WHAT IS EXPECTED
Skip all pictures; return exactly the lines from the one containing "wholesale clothing plus" through the end of the data.

SUPPLIED MATERIAL
◆ ◆ ◆ ◆ ◆ ◆ ◆

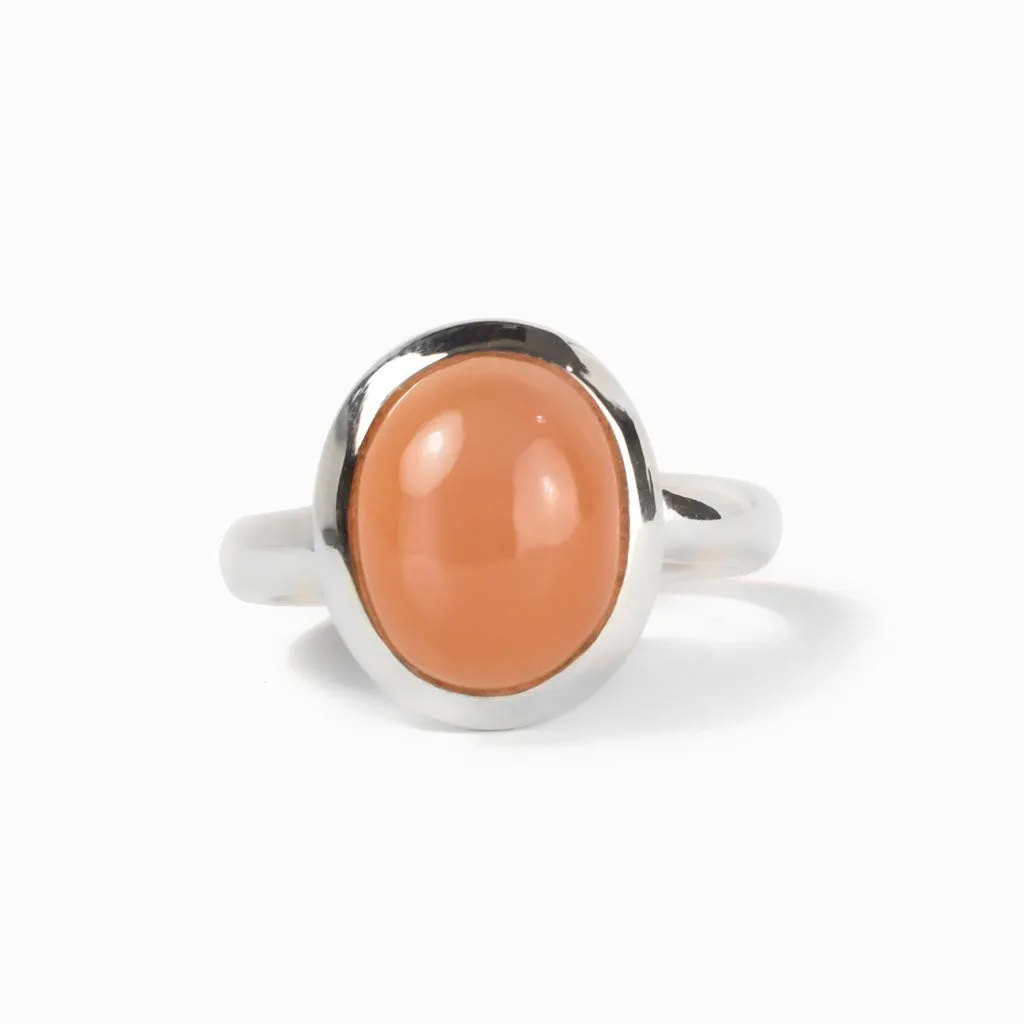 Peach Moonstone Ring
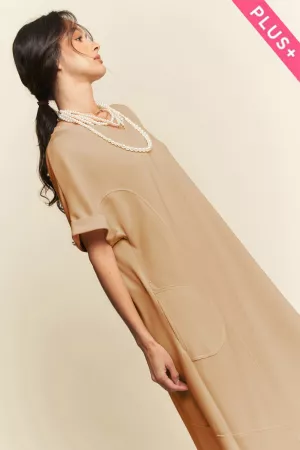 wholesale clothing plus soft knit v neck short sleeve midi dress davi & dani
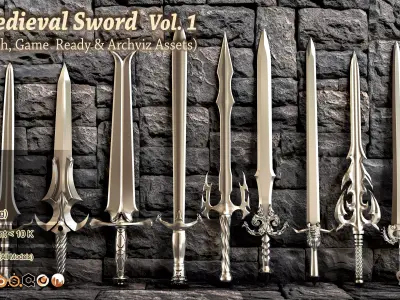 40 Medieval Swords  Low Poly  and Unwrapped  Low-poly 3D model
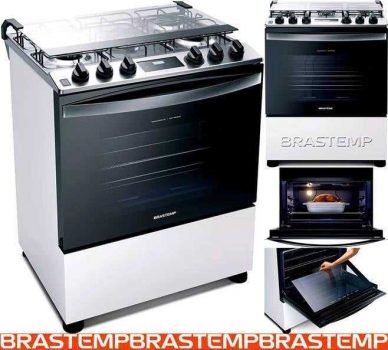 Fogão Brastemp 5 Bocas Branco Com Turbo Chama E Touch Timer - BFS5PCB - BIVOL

◆ ◆ ◆ ◆ ◆ ◆ ◆

ANSWER BOX
 wholesale clothing plus soft knit v neck short sleeve midi dress davi & dani
 40 Medieval Swords  Low Poly  and Unwrapped  Low-poly 3D model
 Fogão Brastemp 5 Bocas Branco Com Turbo Chama E Touch Timer - BFS5PCB - BIVOL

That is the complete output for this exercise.